Use LEMON when managing difficult airways

Maintaining an airway is essential for all patients and is the cornerstone of pre-hospital emergency medicine. Without an airway, your patient will deteriorate rapidly regardless of your other interventions.

Maintaining an airway can be as simple as positioning a patient, ensuring foreign objects are not occluding their air entry, and placement of an OPA (oropharyngeal airway) or NPA (nasopharyngeal airway). Usually the lane of least resistance is the best choice, meaning if you can maintain a patient’s airway with a simple jaw thrust and OPA, notwithstanding indications for definitive ET (endotracheal intubation) like a need to further protect their airway or anticipated predicted course such as anticipating swelling in the case of airway burns.

If you do decide a patient needs a more advanced airway, the decision shouldn’t be taken lightly. Marmalading an ET tube into someone’s trachea isn’t an ultra-technical procedure when compared with knowing when you need to do it, what hazards you may anticipate along the way, and when doing so may be contraindicated.

The LEMON mnemonic is a great way to remember how to deal with a difficult airway and how to overcome some of the obstacles you may encounter.


If you haven’t taken a good look, do so. You need to visualize the airway. Is there edema present? Are there foreign objects? Does the patient have unique anatomical structures that may make obtaining an airway more challenging?


Be a detective and look for clues. Evaluate using the 3:3:2 rule. Can you fit three fingers between the top and bottom teeth (three of the patients fingers)? A mouth that can open that far has good mobility. How about the mandible length? Is it at least three fingers from the mandible to the hyoid bone?  Lastly, the distance from the hyoid to the thyroid tells you important information about neck length. At least two fingers is ideal (again two of the patient’s fingers, not your own).

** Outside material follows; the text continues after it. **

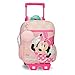 Disney Minnie Play All Day Mochila Preescolar Adaptable a Carro Rosa 23x28x10 cms Poliéster 6,44L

What is the patient’s mallampati classification? If the patient is alert and oriented get them to open their mouth, stick out their tongue, and say, “Ahh.” The structures that are visible dictate the Mallampati class, number I being the easiest airway. Number II, III, or IV are more difficult. If you see the tonsil pillars, that’s Mallampati class I. If all you can see is the palate, that’s called a class IV.


Be sure to look around for anything that might get in your way like soft tissue swelling from burns, broken teeth, trauma to the face or neck, objects occluding the airway, and excessive adipose tissue due to obesity.


Does the patient need to have their neck adjusted? Will lifting their head help? If they have a C-collar on, do you need to take it off to obtain an airway? Remember, protecting a patient’s spine is important, but obtaining an airway is of even greater importance.